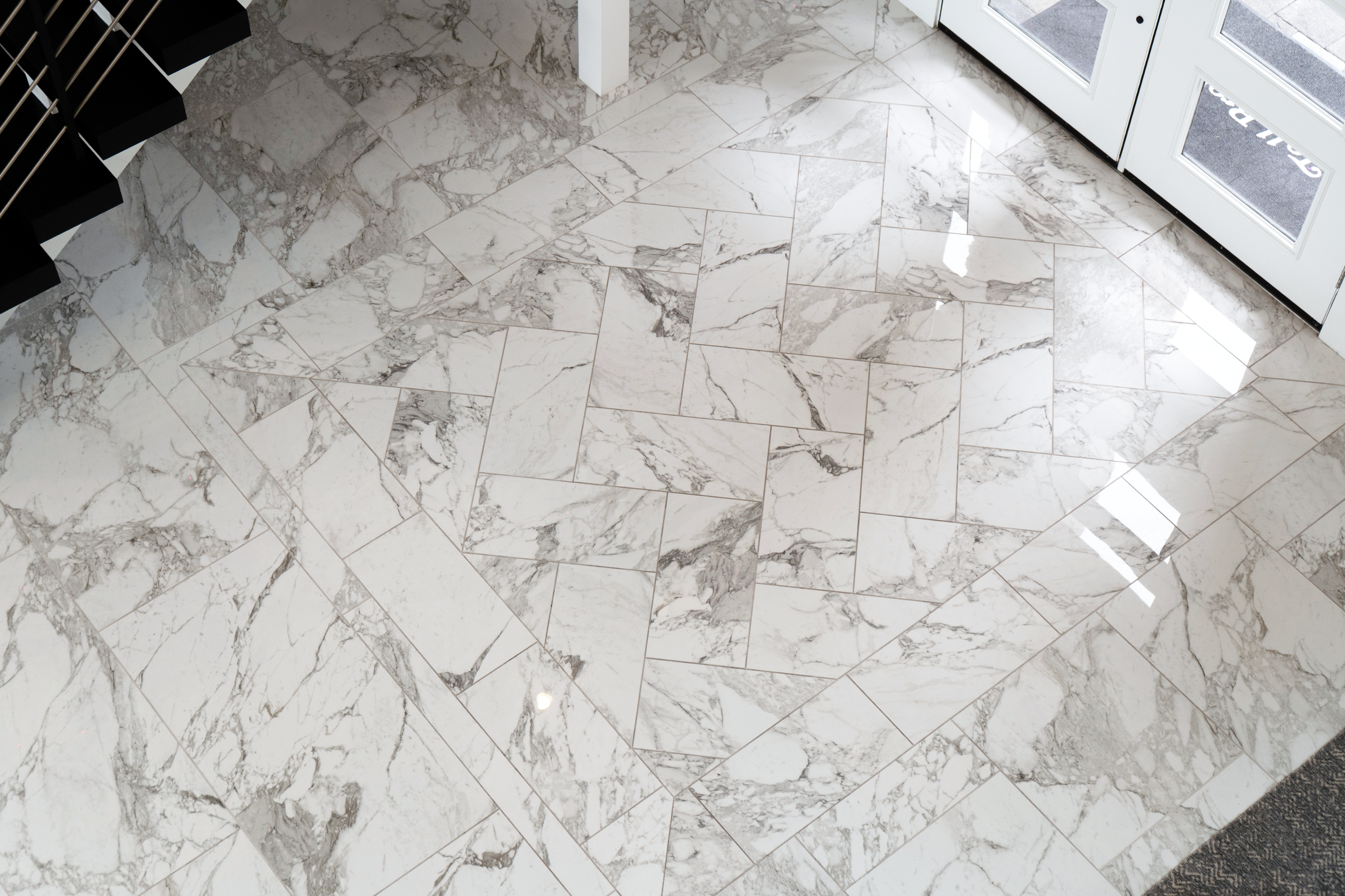 Modern living room featuring marble flooring and open layout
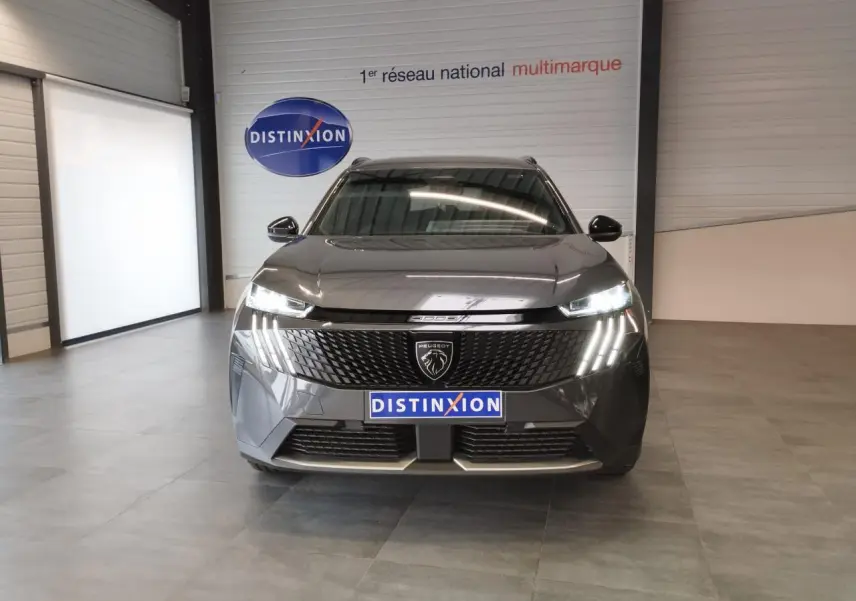 Vue de face du Peugeot 5008 gris titanium 2025 avec calandre noire et feux LED distinctifs allumés.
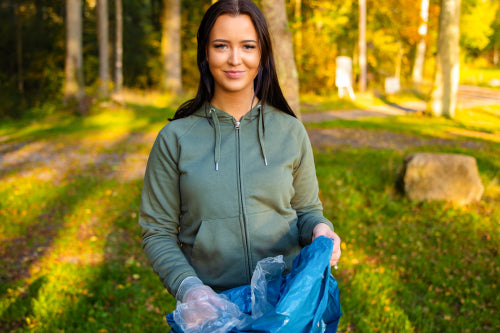 Young smiling female volunteer holding garbage bag at park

Your instructions: Would you please give the material above again, unchanged but without pictures?

Completed task:
 Modern living room featuring marble flooring and open layout
 Vue de face du Peugeot 5008 gris titanium 2025 avec calandre noire et feux LED distinctifs allumés.
 Young smiling female volunteer holding garbage bag at park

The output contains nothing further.